Polly 25/05/2020
As Irmãs Makioka: uma encantadora decadência (#113)
Já falei aqui, em mais de uma oportunidade, que participo de um grupo de leitura ~muito incrível~ no WhatsApp. Ele, sem dúvida, foi o responsável pela maioria das minhas melhores leituras do ano passado. Em 2019, escolhemos ler apenas autoras e, olhe, foi uma experiência espetacular. Foram escolhidos nome de peso da literatura e os debates sobre os enredos através de diferentes perspectivas de vida só deixaram as leituras ainda mais ricas.
Em 2020, decidimos repetir a dose. Em time que está ganhando, a gente não mexe, não é? A proposta desse ano é viajar o mundo através dos livros (até por que a gente nem está podendo sair de casa, né?), de preferência, livros de nacionalidade pouco comum no mercado. E foi assim que “As Irmãs Makioka” chegou a minhas mãos. Este foi o meu primeiro contato com literatura japonesa e acredito que foi uma ótima maneira de começar.
O livro nos conta a história de quatro irmãs de uma família tradicional japonesa, outrora muito rica e influente, da região de Kyoto-Osaka. Tsuruko, Sachiko, Yukiko e Taeko vivem da glória do passado, no entanto, a realidade bate à porta mesmo sem elas desejarem e ela não é agradável. A decadência da família Makioka é, sobretudo, mostrada nas amargas propostas de casamento recebidas por Yukiko, a terceira das irmãs, que vê os anos passarem sem que nenhuma delas se concretize.
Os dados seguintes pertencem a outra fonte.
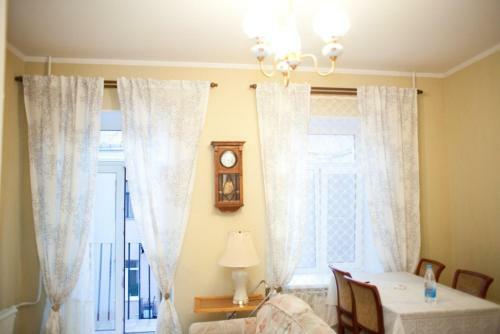 Hotel Stepanavan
“As Irmãs Makioka” é sobre relacionamentos, sobre odiar pessoas que amamos (ou os erros que elas cometem), é sobre a rotina da vida, é sobre como o passado deve ser deixado para trás para que se efetivamente viva. Com passagens poéticas tão lindas a ponto de fazer umas lágrimas sorrateiras escaparem pelo canto dos nossos olhos, a definição mais precisa que eu consigo dar ao livro é que ele é vagaroso como a vida. Nele, como na vida, os anos passam e os dias são apenas a sucessão do mesmo dia e, vez ou outra, as coisas mudam repentinamente para marcar e determinar nossos futuros. A beleza e o amor, além do próprio viver, estão escondidos nos detalhes da rotina, basta a gente saber apreciar. E acho que esse é o valor mais precioso que o livro passa.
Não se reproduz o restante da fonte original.